I receive quite a few vocal jazz CDs, sometimes more than I care to review, but Nicki Schrire's work is extremely interesting in a fashion I still can't quite put my finger on. Last year's Freedom Flight (here) was a feast and inspiration, but this year's Space and Time finds her in a much different place, albeit with tons of references back to Freedom. The reason for the timbral and atmospheric shift is immediately noticeable: every song is a duet between her and three rotating pianists, and each song is a delicate filigree, fragile and beautiful, sensitive and honest, wistful and quite affecting.
Schrire does things with every word and note, a craftsmanship (craftswomanship?) that requires intent, indeed rapt, listening. She's put a hell of a lot of thought into every stave and measure, emerging with a dozen gems lifted from the Great American Songbook, from pop annals, and through her own quill, compositions that become either classically inflected or segments in an intense thoughtful stage theatre. But there's one more aspect, the elusive twist, that outré element I've been trying to winnow out: her unorthodox arranging capability. She doesn't quite re-write others' songs but comes damn close to it while preserving every ingredient in the original versions…but mutated, their DNA rearranged, the next-generation children of themselves.

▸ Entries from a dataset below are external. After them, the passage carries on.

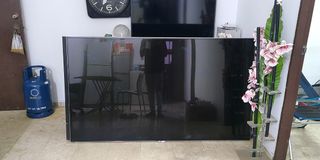 (Category: ) located in . Submitted by sjoy19182 (Listing ID 1245647072, Image 1). Description: .
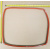 504029_rubber_tbv_10990-1991_serie_2-3_ovens_296697074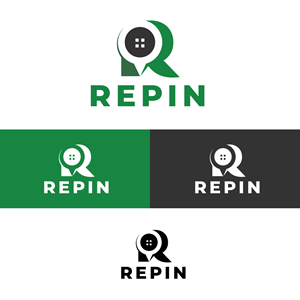 Logo-Design von artmakers für dieses Projekt | Design: #33757404
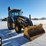 2019-deere-410l-image-2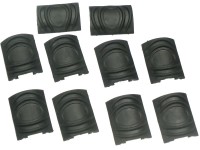 Pokrov Montaže TDI Arms DiBoys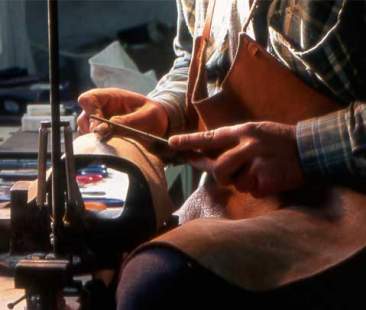 Catania – La strage delle imprese artigiane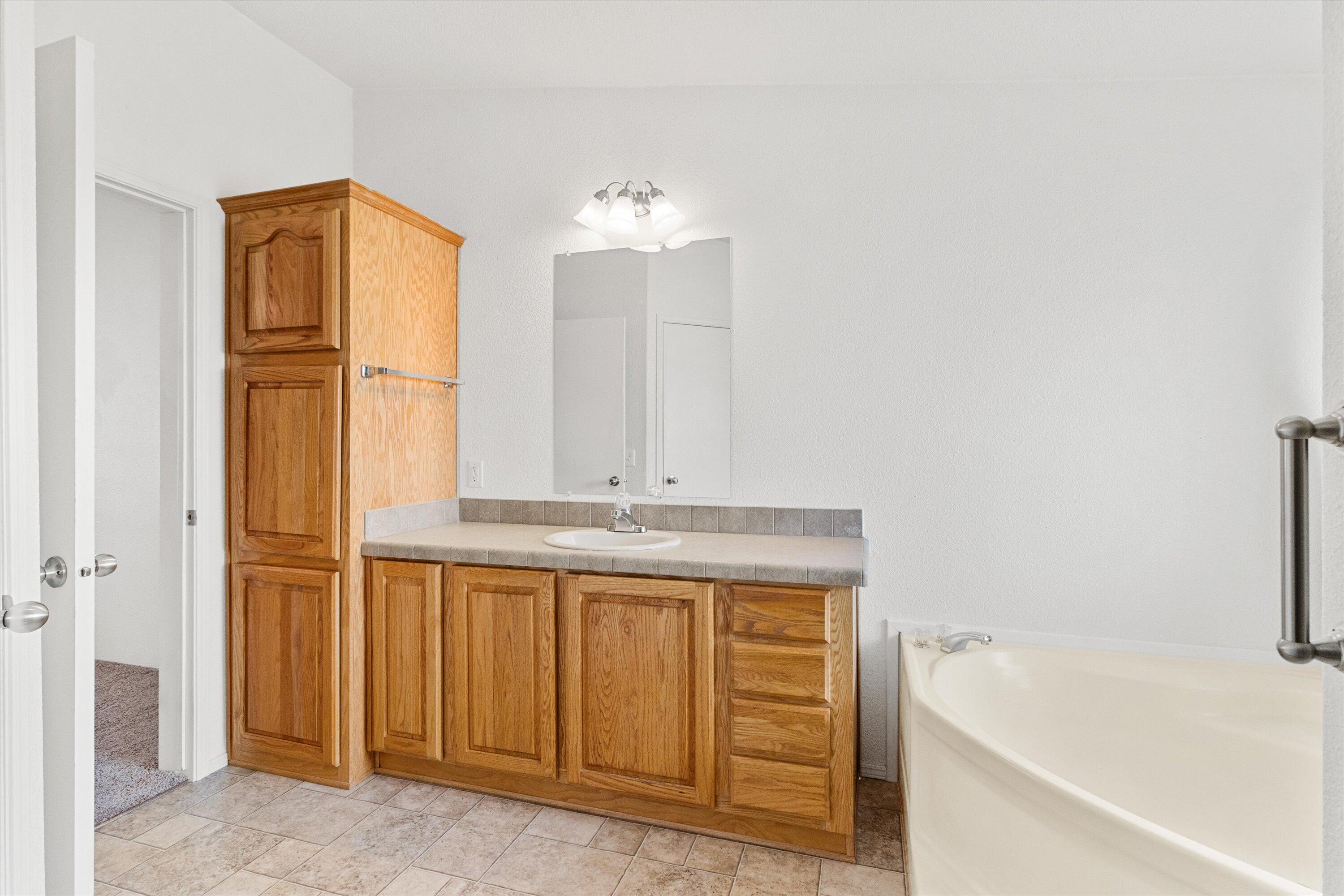 3501 Avenue C, 35, White City Unit: 35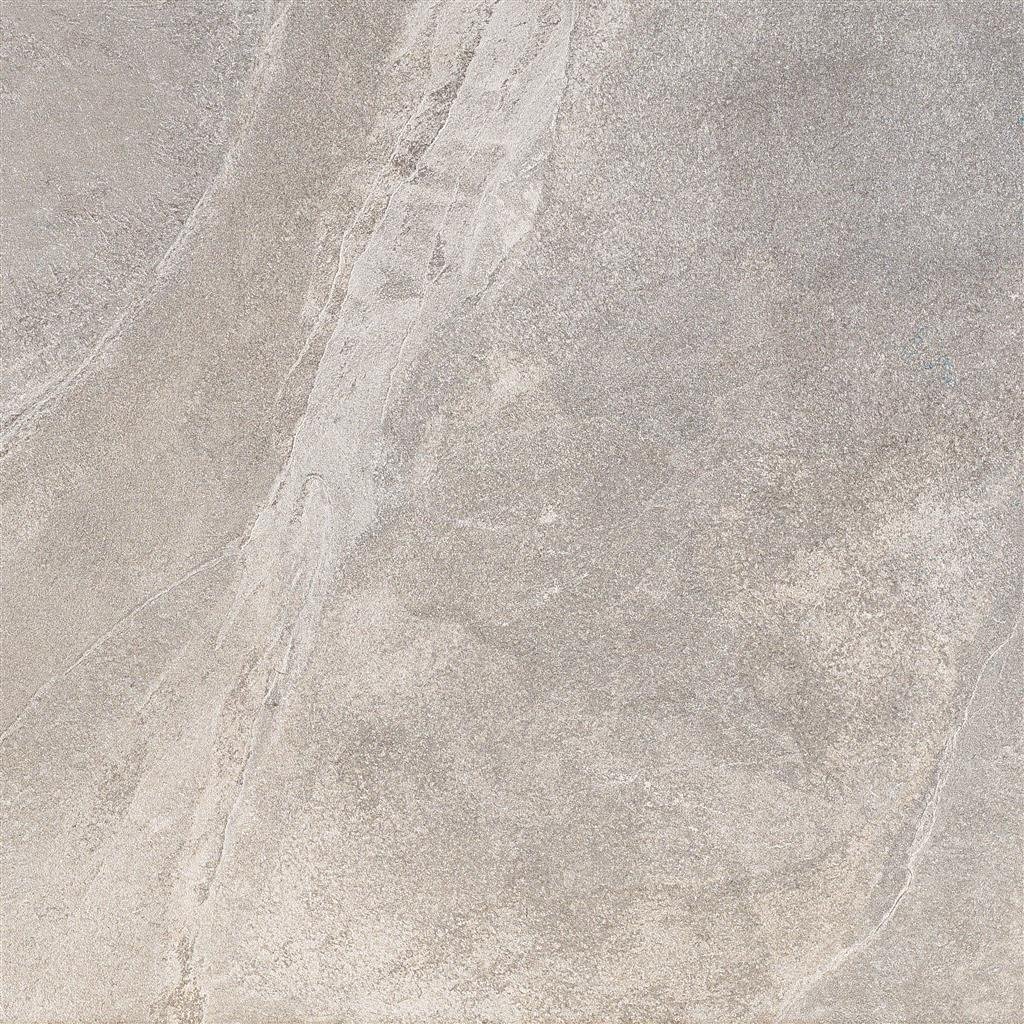 Durstone Mustang Grey Natural 60x60 (R)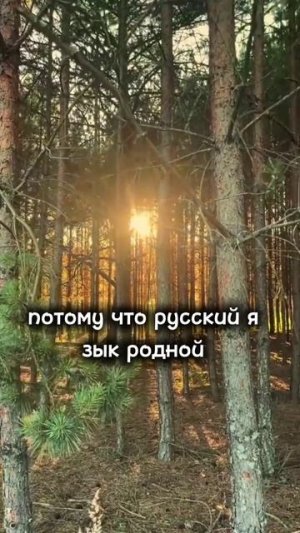 #юмор #приколы #смех #ржака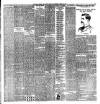 Irish Weekly and Ulster Examiner Saturday 26 January 1901 Page 3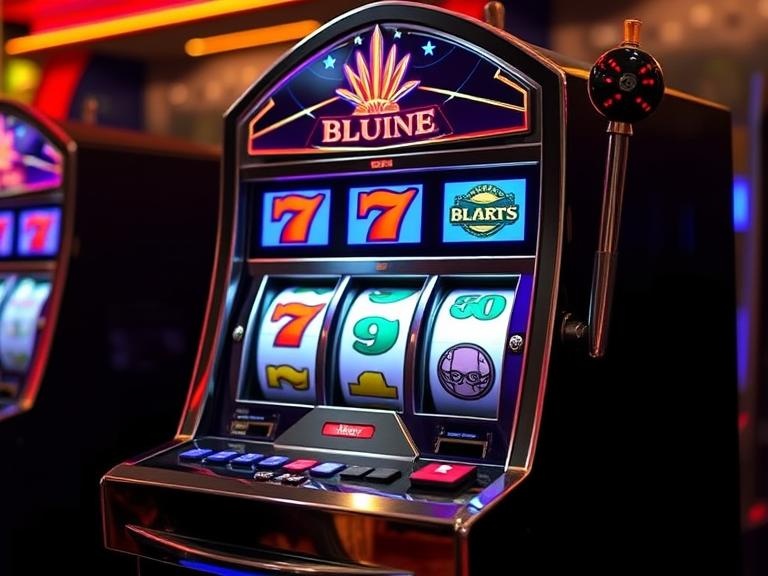 73bet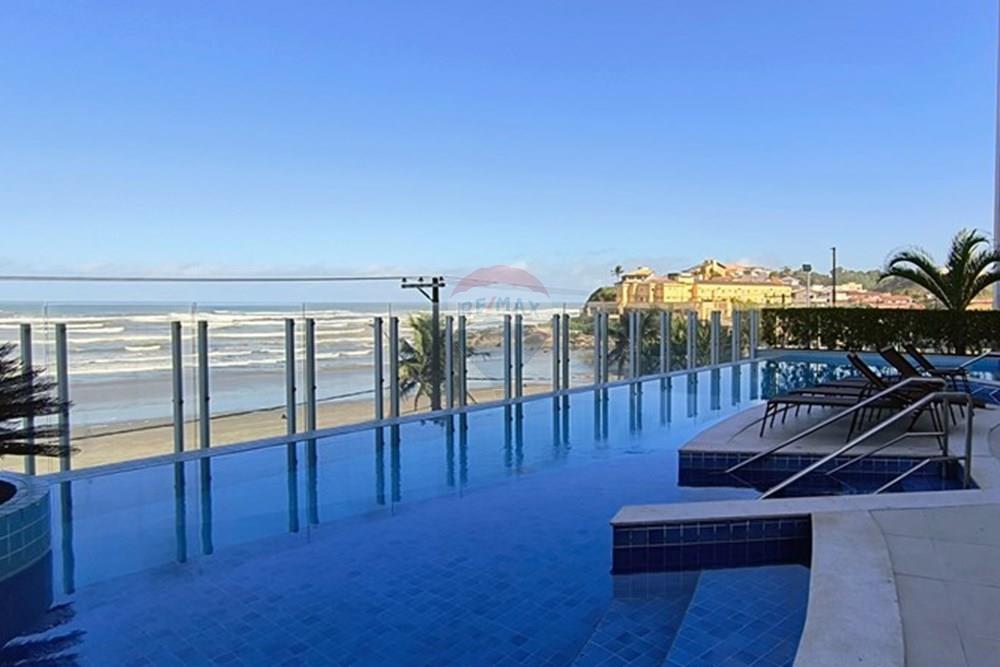 Apartamento - Alugar - Itanhaém , São Paulo - IMG_20250731_141408624_HDR_AE.jpg - 601771106-3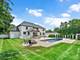 4408 Stonewall, Downers Grove, IL 60515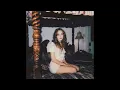 Bella White - Rhododendron
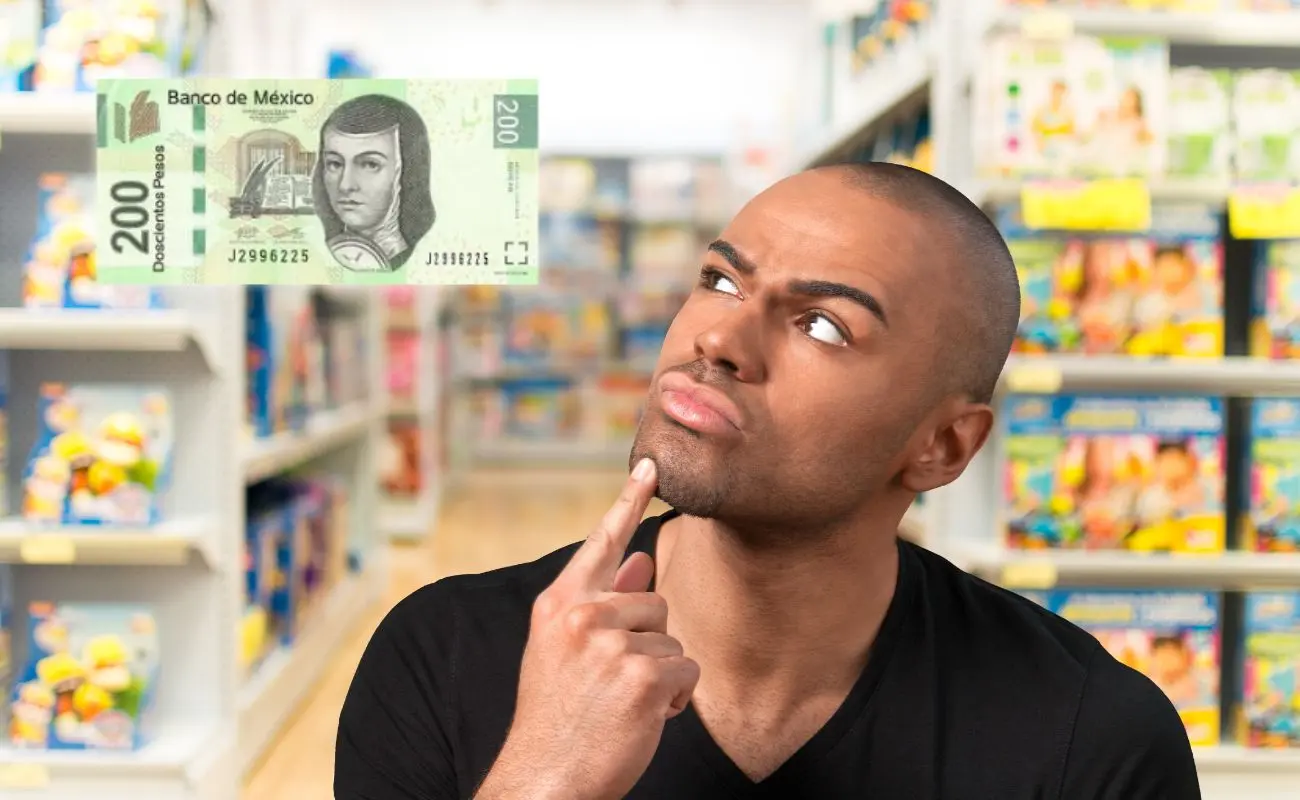 ¿Dónde conseguir juguetes por menos de 200 pesos? Foto: Canva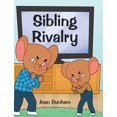 thumbnail image 1 of Sibling Rivalry, (Hardcover), 1 of 1
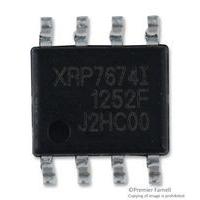 XRP7674IDTR-F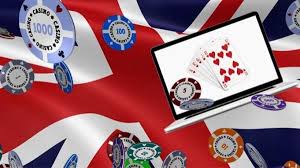 Experience the Magic of Golden Genie Casino 3 Experience the Magic of Golden Genie Casino 3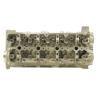 Buy cheap TOYOTA Prado Fortuner Hilux Hiace Innova 1GD-FTV 2GD-FTV Aluminum Cylinder Head 11101-11160 2.8L 16V from wholesalers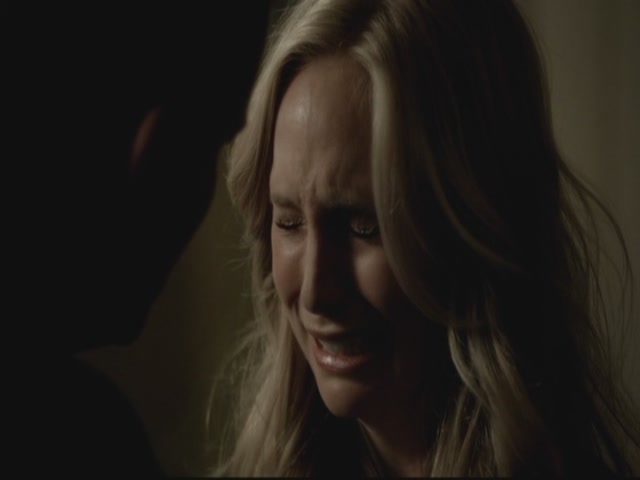 VampireDiariesWorld-dot-org-S3TVD_3x13BringingOutTheDead1862.jpg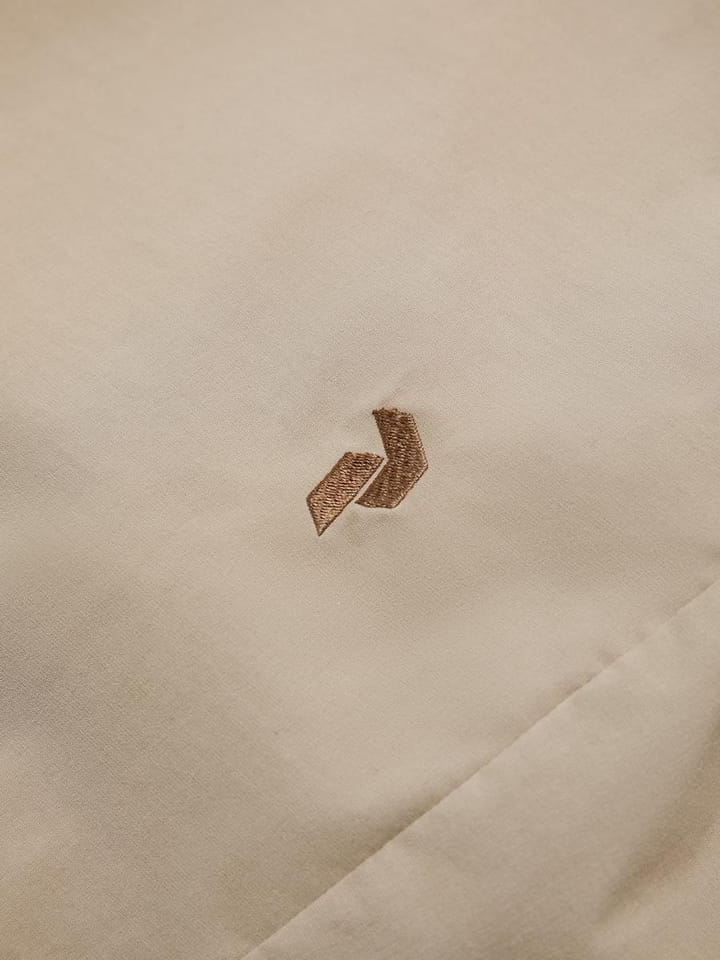 Peak Performance Men's Iconiq Shorts Avid Beige Peak Performance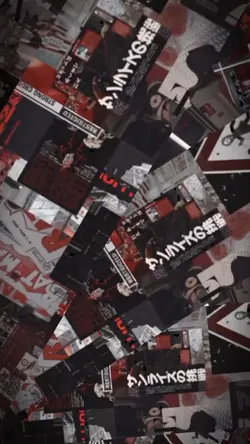 3Dที่กำลังฮิตในTikTok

A number of the more and most intelligent female vocalists come to mind—Mia Doi Todd, Tori Amos, Kimiko Itoh, Lorraine Feather, Norma Winstone, Joan Baez, Joni Mitchell, etc.—in Schrire's work. She works diligently on, in her own words, "intimacy and purity of communication", achieving both superlatively, but also attaining to a rare purity and emotional impact. I Wish You Love shows all these factors in one airy nakedly open package, a combination of innocence and longing, and her boppy Swingley take on George Harrison's Here Comes the Sun is first a serial minimal wonder with Windham Hill elegance and then a folky charmer treading back to Village Vanguard days wherein quickly shifting beatniks were first grappling with rock and roll while hanging on tightly to jazz. Yep, this is that kind of gig, but, as inferred, with very few exemplars preceding it.